Records contained in a dataset:

--- START ---

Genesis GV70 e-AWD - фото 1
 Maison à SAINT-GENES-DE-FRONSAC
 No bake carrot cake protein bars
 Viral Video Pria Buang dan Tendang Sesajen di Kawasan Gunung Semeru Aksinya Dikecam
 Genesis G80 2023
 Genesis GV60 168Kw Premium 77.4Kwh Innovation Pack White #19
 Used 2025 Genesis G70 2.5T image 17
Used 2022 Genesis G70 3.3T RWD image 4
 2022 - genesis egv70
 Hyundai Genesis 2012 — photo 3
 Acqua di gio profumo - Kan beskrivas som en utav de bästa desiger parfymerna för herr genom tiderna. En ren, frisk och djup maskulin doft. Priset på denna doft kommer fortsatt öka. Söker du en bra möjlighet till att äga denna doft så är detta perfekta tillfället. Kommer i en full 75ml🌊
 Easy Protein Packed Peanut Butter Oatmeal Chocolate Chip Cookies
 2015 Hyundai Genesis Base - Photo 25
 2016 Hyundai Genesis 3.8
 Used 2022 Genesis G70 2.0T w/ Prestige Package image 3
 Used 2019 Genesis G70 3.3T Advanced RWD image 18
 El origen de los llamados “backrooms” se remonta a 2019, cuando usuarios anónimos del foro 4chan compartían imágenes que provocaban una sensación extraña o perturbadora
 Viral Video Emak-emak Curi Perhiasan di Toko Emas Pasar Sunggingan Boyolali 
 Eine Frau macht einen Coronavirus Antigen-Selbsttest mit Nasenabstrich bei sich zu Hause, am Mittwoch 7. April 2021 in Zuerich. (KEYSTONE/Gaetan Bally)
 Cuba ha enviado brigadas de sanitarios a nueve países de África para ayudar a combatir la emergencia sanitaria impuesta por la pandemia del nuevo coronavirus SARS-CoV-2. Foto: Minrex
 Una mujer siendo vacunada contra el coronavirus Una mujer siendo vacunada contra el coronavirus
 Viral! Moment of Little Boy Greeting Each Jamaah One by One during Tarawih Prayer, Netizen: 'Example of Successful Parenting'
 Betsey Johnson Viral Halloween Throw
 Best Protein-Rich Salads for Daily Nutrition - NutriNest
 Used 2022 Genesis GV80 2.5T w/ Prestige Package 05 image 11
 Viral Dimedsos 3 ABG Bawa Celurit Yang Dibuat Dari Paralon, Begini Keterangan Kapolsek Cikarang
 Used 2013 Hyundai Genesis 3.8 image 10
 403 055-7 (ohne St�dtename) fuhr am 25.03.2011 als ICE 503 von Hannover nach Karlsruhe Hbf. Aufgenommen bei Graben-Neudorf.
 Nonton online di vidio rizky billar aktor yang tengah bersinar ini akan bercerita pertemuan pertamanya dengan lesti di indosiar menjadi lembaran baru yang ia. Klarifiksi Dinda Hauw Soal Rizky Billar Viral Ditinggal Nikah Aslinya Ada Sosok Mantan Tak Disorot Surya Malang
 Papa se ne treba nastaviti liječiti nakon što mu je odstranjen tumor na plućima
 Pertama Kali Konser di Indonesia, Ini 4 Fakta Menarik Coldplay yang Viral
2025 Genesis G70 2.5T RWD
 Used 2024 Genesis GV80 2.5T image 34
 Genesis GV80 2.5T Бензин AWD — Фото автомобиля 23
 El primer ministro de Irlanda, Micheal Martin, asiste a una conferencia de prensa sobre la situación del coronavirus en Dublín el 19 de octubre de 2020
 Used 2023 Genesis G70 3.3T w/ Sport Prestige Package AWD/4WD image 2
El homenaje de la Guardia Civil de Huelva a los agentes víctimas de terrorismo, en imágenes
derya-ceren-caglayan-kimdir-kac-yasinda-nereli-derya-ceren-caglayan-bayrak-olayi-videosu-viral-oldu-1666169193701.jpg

--- END ---

(What you will do): Restate the data above word for word. Leave nothing out.

(Answer space):
Genesis GV70 e-AWD - фото 1
 Maison à SAINT-GENES-DE-FRONSAC
 No bake carrot cake protein bars
 Viral Video Pria Buang dan Tendang Sesajen di Kawasan Gunung Semeru Aksinya Dikecam
 Genesis G80 2023
 Genesis GV60 168Kw Premium 77.4Kwh Innovation Pack White #19
 Used 2025 Genesis G70 2.5T image 17
Used 2022 Genesis G70 3.3T RWD image 4
 2022 - genesis egv70
 Hyundai Genesis 2012 — photo 3
 Acqua di gio profumo - Kan beskrivas som en utav de bästa desiger parfymerna för herr genom tiderna. En ren, frisk och djup maskulin doft. Priset på denna doft kommer fortsatt öka. Söker du en bra möjlighet till att äga denna doft så är detta perfekta tillfället. Kommer i en full 75ml🌊
 Easy Protein Packed Peanut Butter Oatmeal Chocolate Chip Cookies
 2015 Hyundai Genesis Base - Photo 25
 2016 Hyundai Genesis 3.8
 Used 2022 Genesis G70 2.0T w/ Prestige Package image 3
 Used 2019 Genesis G70 3.3T Advanced RWD image 18
 El origen de los llamados “backrooms” se remonta a 2019, cuando usuarios anónimos del foro 4chan compartían imágenes que provocaban una sensación extraña o perturbadora
 Viral Video Emak-emak Curi Perhiasan di Toko Emas Pasar Sunggingan Boyolali 
 Eine Frau macht einen Coronavirus Antigen-Selbsttest mit Nasenabstrich bei sich zu Hause, am Mittwoch 7. April 2021 in Zuerich. (KEYSTONE/Gaetan Bally)
 Cuba ha enviado brigadas de sanitarios a nueve países de África para ayudar a combatir la emergencia sanitaria impuesta por la pandemia del nuevo coronavirus SARS-CoV-2. Foto: Minrex
 Una mujer siendo vacunada contra el coronavirus Una mujer siendo vacunada contra el coronavirus
 Viral! Moment of Little Boy Greeting Each Jamaah One by One during Tarawih Prayer, Netizen: 'Example of Successful Parenting'
 Betsey Johnson Viral Halloween Throw
 Best Protein-Rich Salads for Daily Nutrition - NutriNest
 Used 2022 Genesis GV80 2.5T w/ Prestige Package 05 image 11
 Viral Dimedsos 3 ABG Bawa Celurit Yang Dibuat Dari Paralon, Begini Keterangan Kapolsek Cikarang
 Used 2013 Hyundai Genesis 3.8 image 10
 403 055-7 (ohne St�dtename) fuhr am 25.03.2011 als ICE 503 von Hannover nach Karlsruhe Hbf. Aufgenommen bei Graben-Neudorf.
 Nonton online di vidio rizky billar aktor yang tengah bersinar ini akan bercerita pertemuan pertamanya dengan lesti di indosiar menjadi lembaran baru yang ia. Klarifiksi Dinda Hauw Soal Rizky Billar Viral Ditinggal Nikah Aslinya Ada Sosok Mantan Tak Disorot Surya Malang
 Papa se ne treba nastaviti liječiti nakon što mu je odstranjen tumor na plućima
 Pertama Kali Konser di Indonesia, Ini 4 Fakta Menarik Coldplay yang Viral
2025 Genesis G70 2.5T RWD
 Used 2024 Genesis GV80 2.5T image 34
 Genesis GV80 2.5T Бензин AWD — Фото автомобиля 23
 El primer ministro de Irlanda, Micheal Martin, asiste a una conferencia de prensa sobre la situación del coronavirus en Dublín el 19 de octubre de 2020
 Used 2023 Genesis G70 3.3T w/ Sport Prestige Package AWD/4WD image 2
El homenaje de la Guardia Civil de Huelva a los agentes víctimas de terrorismo, en imágenes
derya-ceren-caglayan-kimdir-kac-yasinda-nereli-derya-ceren-caglayan-bayrak-olayi-videosu-viral-oldu-1666169193701.jpg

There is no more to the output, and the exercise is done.